▶ [DATA SHOWN]:
—————

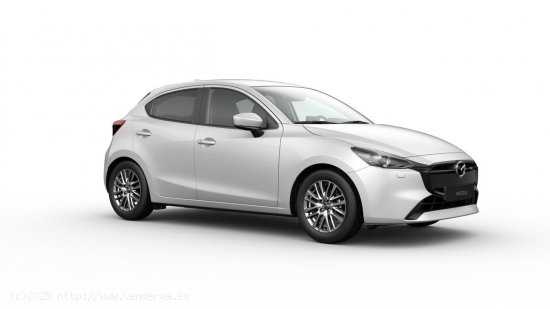 Mazda 2 e-SKYACTIV G 66kW (90CV) Exclusive-Line - Ourense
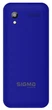 Мобiльний телефон Sigma mobile X-style 31 Power Type-C Dual Sim Blue (448247) - зображення 2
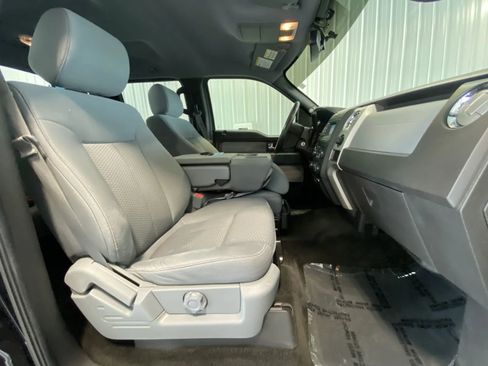 Used 2014 Ford F150 XLT w/ XLT Chrome Package AWD/4WD image 24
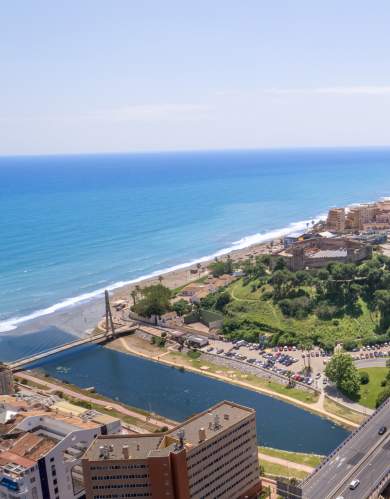 Cómo llegar a Fuengirola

—————

▶ [WORK ORDER]:
Leave out all pictures, then copy the remaining material exactly.

▶ [YOUR SOLUTION]:
 Mazda 2 e-SKYACTIV G 66kW (90CV) Exclusive-Line - Ourense
 Мобiльний телефон Sigma mobile X-style 31 Power Type-C Dual Sim Blue (448247) - зображення 2
 Used 2014 Ford F150 XLT w/ XLT Chrome Package AWD/4WD image 24
 Cómo llegar a Fuengirola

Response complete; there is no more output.